Our main ‘worry’ is the potential detrimental impact on the most vulnerable in our society. Deregulation cannot guarantee easy access to Pharmacies and by its nature is likely to result in a much more commercially driven distribution of Pharmacies – e.g. clusters around GP surgeries or within large supermarkets etc.

Since 1969, our Pharmacy has served a local community where most of our patients are elderly, infirm, small children, disabled or dying. The majority of these patients live within walking distance of the Pharmacy and benefit from a personal identity and service within the Pharmacy community. Our [patients are generally pleased to be able to make the journey to the Pharmacy by themselves and pleased to be able to speak with a pharmacist who knows them, their medical history and their personal situation - Providing independence, dignity, conversation and confidence to many patients who are housebound and dependant upon others for transport.

The demise of local communities is highlighted in the ‘Ghost Town Britain’ report. It is timely to remember the massive power of the Supermarkets – local specialist shops are disappearing all over the country. For our community, implementation of the OFT recommendations would result in:

Whilst some more ‘remote’ pharmacies see a delivery as overcoming the difficulties patients have in accessing them, a delivery service by driver can never substitute for the personal contact with a pharmacist in a pharmacy at the heart of their community.

There is a fundamental incompatibility between a very de-regulated market and the Government’s commitment to deliver a well-planned NHS pharmacy network. If the OFT recommendation is accepted, the distribution of Pharmacies will be governed SOLEY by considerations of maximum profitability, rather than the delivering of rational pharmaceutical services to patients.

If the OFT’s recommendation is accepted, there is a very real risk to the existing Pharmaceutical service in Formby (see attached map showing the distribution of Pharmacies and GP surgeries in Formby).
Tesco in Altcar will almost certainly open a Pharmacy. They have applied twice already under the existing regulations and been turned down on the basis that such a pharmacy is not ‘necessary or desirable’.
The opening of this Pharmacy is likely to make our Pharmacy unviable due to

The reduction in prescription volume and medicine sales, existing recent pressures from the relocation of a surgery from Duke Street to Chapel Lane (next door to a Pharmacy), which resulted in a 15% reduction in dispensing value.  The impact of Safeway and Tesco on ‘shop sales’ since their opening.

If this Pharmacy were to close, there would be no Pharmacy to the West of the railway, and all other pharmacies would be next to surgeries or in a supermarket. This would affect greatly upon access for those who are less mobile and more vulnerable. As well as restricting their choice of dispensing service, it would make it more difficult for them to buy medicines, and to seek the advice, which so often avoids the need for a GP visit.

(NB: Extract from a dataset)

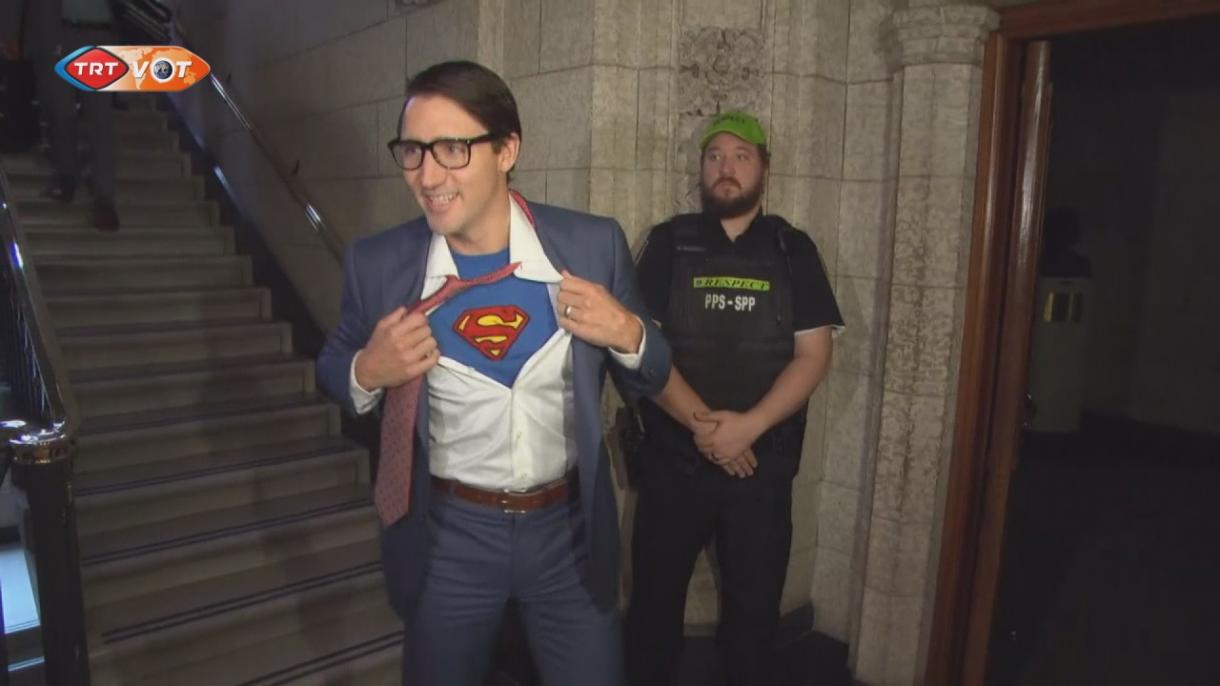 کانادا باش وزیری جلسه گه سوپرمن کییمی بیلن اشتراک ایتدی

Pharmaceutical services are expanding. Pharmacists are embracing a wider role. Certainly, our pharmacy contributes to lessening the GPs workload and provides patient focused care within the local community. Care in the community is the way forward and we are in the heart of that community.

Our purpose is not just to provide a dispensing service but personal care to our patients. It is when we are at our most vulnerable that we need a personal identity and someone who knows us well eases the pain of helplessness. Independence is something the young and healthy take for granted but it becomes very precious when it starts to slip away from us.

We believe that the current legislation guards the availability and access to local pharmaceutical services in a manageable manner. The proposed deregulation can only serve to rob the vulnerable in society of the individual service they currently enjoy.